◆ Work required ◆
Copy out each line below exactly as it appears.

◆ Entries shown ◆
====

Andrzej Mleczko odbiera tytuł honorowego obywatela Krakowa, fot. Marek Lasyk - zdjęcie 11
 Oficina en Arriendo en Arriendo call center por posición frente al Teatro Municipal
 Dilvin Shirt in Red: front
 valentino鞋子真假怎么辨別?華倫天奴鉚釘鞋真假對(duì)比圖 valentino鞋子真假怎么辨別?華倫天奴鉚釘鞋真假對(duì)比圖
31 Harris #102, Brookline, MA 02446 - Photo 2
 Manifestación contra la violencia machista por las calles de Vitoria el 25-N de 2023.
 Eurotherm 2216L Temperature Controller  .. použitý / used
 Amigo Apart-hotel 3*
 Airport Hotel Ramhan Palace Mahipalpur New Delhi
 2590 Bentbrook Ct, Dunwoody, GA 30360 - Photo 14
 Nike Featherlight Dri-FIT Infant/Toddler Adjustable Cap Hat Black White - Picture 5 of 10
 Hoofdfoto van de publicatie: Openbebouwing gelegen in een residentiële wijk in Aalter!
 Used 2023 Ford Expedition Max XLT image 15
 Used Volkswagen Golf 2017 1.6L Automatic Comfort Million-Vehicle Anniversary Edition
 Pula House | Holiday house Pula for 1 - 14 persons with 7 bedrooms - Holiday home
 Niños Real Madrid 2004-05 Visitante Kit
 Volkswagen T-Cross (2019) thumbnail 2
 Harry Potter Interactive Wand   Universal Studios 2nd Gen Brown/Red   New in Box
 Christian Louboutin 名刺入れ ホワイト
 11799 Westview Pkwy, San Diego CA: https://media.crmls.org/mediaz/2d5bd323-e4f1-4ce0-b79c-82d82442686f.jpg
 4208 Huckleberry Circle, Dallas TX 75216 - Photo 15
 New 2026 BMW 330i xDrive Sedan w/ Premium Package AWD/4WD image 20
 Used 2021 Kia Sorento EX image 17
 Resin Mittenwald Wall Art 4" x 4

====

◆ Response area ◆
Andrzej Mleczko odbiera tytuł honorowego obywatela Krakowa, fot. Marek Lasyk - zdjęcie 11
 Oficina en Arriendo en Arriendo call center por posición frente al Teatro Municipal
 Dilvin Shirt in Red: front
 valentino鞋子真假怎么辨別?華倫天奴鉚釘鞋真假對(duì)比圖 valentino鞋子真假怎么辨別?華倫天奴鉚釘鞋真假對(duì)比圖
31 Harris #102, Brookline, MA 02446 - Photo 2
 Manifestación contra la violencia machista por las calles de Vitoria el 25-N de 2023.
 Eurotherm 2216L Temperature Controller  .. použitý / used
 Amigo Apart-hotel 3*
 Airport Hotel Ramhan Palace Mahipalpur New Delhi
 2590 Bentbrook Ct, Dunwoody, GA 30360 - Photo 14
 Nike Featherlight Dri-FIT Infant/Toddler Adjustable Cap Hat Black White - Picture 5 of 10
 Hoofdfoto van de publicatie: Openbebouwing gelegen in een residentiële wijk in Aalter!
 Used 2023 Ford Expedition Max XLT image 15
 Used Volkswagen Golf 2017 1.6L Automatic Comfort Million-Vehicle Anniversary Edition
 Pula House | Holiday house Pula for 1 - 14 persons with 7 bedrooms - Holiday home
 Niños Real Madrid 2004-05 Visitante Kit
 Volkswagen T-Cross (2019) thumbnail 2
 Harry Potter Interactive Wand   Universal Studios 2nd Gen Brown/Red   New in Box
 Christian Louboutin 名刺入れ ホワイト
 11799 Westview Pkwy, San Diego CA: https://media.crmls.org/mediaz/2d5bd323-e4f1-4ce0-b79c-82d82442686f.jpg
 4208 Huckleberry Circle, Dallas TX 75216 - Photo 15
 New 2026 BMW 330i xDrive Sedan w/ Premium Package AWD/4WD image 20
 Used 2021 Kia Sorento EX image 17
 Resin Mittenwald Wall Art 4" x 4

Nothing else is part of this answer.